Иван Константинович окончательно проснулся в десятом часу утра. Сначала ему показалось, что за окном тишина, обыкновенный городской шум. Он потянулся к форточке, и вдруг все стекла задрожали разом от оглушительного удара где-то вблизи.
— Варенька, — спросил Иван Константинович, — что это было ночью? Или мне приснилось?
— Родила жена истопника. Доктор говорит, здоровый, прелестный мальчик.
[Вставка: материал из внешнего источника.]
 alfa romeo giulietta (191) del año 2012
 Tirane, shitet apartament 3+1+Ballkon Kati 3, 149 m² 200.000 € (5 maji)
— Нашла время, — сурово сказал Иван Константинович, — ну, о чем думают эти люди? В конце концов старина Мальтус прав. Бедные люди, как ужасен этот инстинкт размножения. Ну, какая может быть судьба у сына истопника?
Итак, в литерном номере гостиницы играли в баккара и удивлялись счастливой игре и рассказам исполнительницы русских песен Шуры Найденовой. Она сидела в придвинутом к столу глубоком кресле и куталась в теплый русский платок, хотя в комнате было жарко, гости задыхались от жары и табачного дыма. Она любила держать банк, ловко, по-мужски сдавала карты и рассказывала о себе с потешной и грубой откровенностью:
— Я начинала хористкой в Тифлисе, чего не натерпелась от вашего брата, но была молодая, веселая и, пила, как лошадь. Бог мне помог, и поехала я в Ялту к Новикову, на первое положение. И приезжает в Ялту на бархатный сезон Сеид Эмир Абдул Ахад, эмир бухарский… Девять!
Она выбросила далеко на стол две карты и, поправив на плечах платок, потащила к себе пачку керенок и кредитных билетов.
— Сами понимаете, через два месяца я уезжала в курьерском из Севастополя и было у меня на текущем счету десять тысяч и финтифлюшек на столько же… Эклераж — ваше благородие — деньги на стол. Восемь!
И две карты снова упали на стол.
— Что это вы, Гутя, не завели карточной машинки? Без машинки — подзаборная игра. Слушайте дальше. Вхожу, купе все в цветах, в бомбоньерках, и вдруг, вижу сидит офицер. Романовский рост, челюсть, синие глазищи, на коленях фуражка с белым кавалергардским верхом. В зубах трубочка с золотым шариком, как у царя. Карта к вам, хозяин.
— Шуренок, — печально сказал Густав Максимилианович, — у меня восемь.
— Стало быть, по восьми. Ну, встал, извинился, вышел покурить в коридор, потом вернулся, сел против меня и прямо быка за рога. «Вы артистка» — «Да». «Фарс?» — «Нет, оперетта». Фуражку в угол, перчатки долой и нагло, прямо в лоб: «Моя маленькая, не хотите ли получить три катеньки за наше счастье до Петербурга?» Я — в амбицию: «Нет». Сами понимаете, в другой раз это манна небесная, а теперь, после Ялты… «Так не возьмете три катеньки?» — «Нет». — «Тогда Петра?» — «Нет», — говорю уже в сердцах, и тут он встает, рост под потолок, красавец писаный, и говорит: «Чудовищно! Ну, не жениться же мне на вас»… В банке — тысяча триста. Гутя, ваша рука.